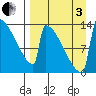 Kvichak tide chart for Saturday, September 3, 2022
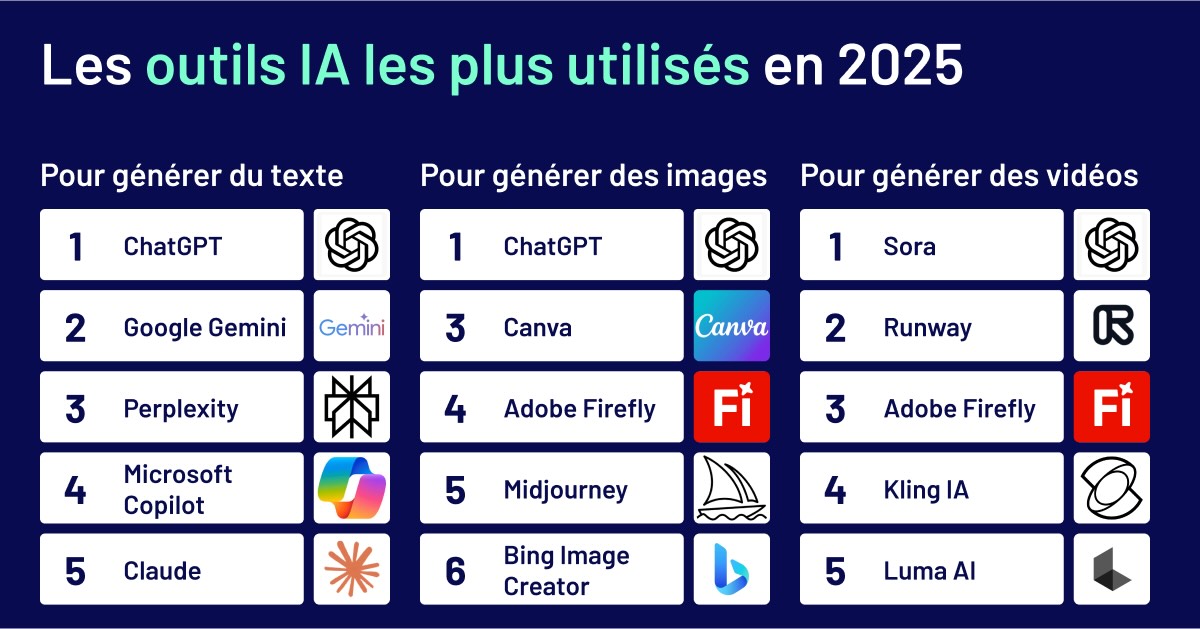 découvrez comment l'intelligence artificielle transforme les pratiques des développeurs en 2025 : nouvelles méthodes de travail, outils innovants et tendances à suivre pour rester compétitif dans le secteur du développement.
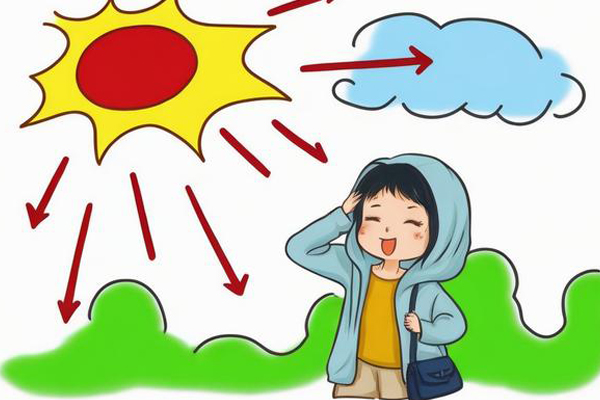 运用防晒App帮助人们更好地保护皮肤健康--app开发公司广州91直播
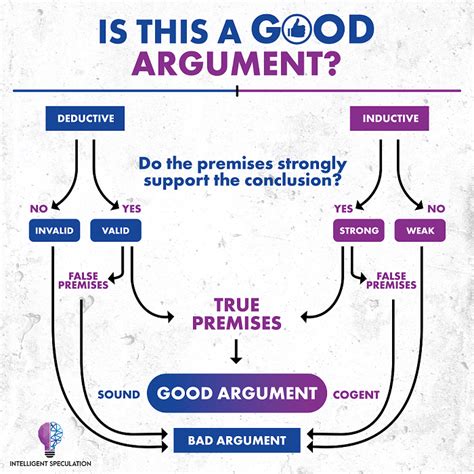 What are the good arguments?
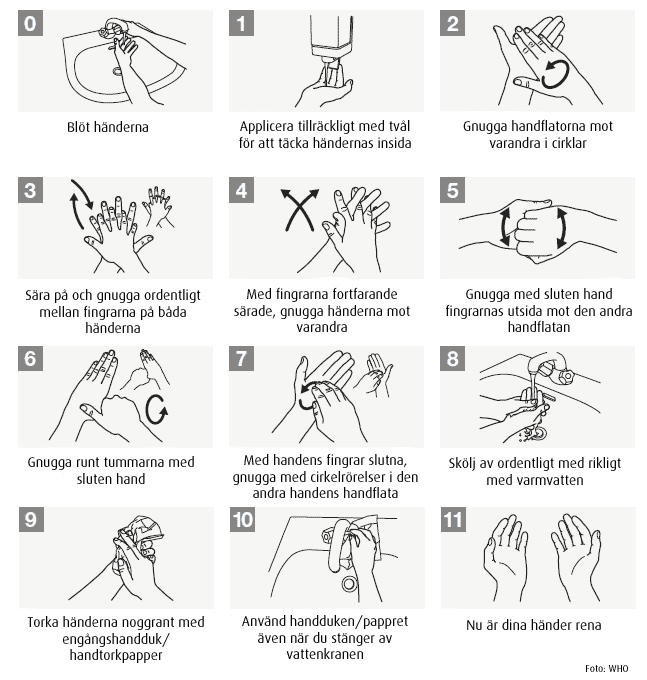 handtvätt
- - - - -
▸ **WHAT TO PRODUCE**
A verbatim copy of every record is required, with all pictures excluded.

▸ **FINISHED EXERCISE**
 Kvichak tide chart for Saturday, September 3, 2022
 découvrez comment l'intelligence artificielle transforme les pratiques des développeurs en 2025 : nouvelles méthodes de travail, outils innovants et tendances à suivre pour rester compétitif dans le secteur du développement.
 运用防晒App帮助人们更好地保护皮肤健康--app开发公司广州91直播
 What are the good arguments?
 handtvätt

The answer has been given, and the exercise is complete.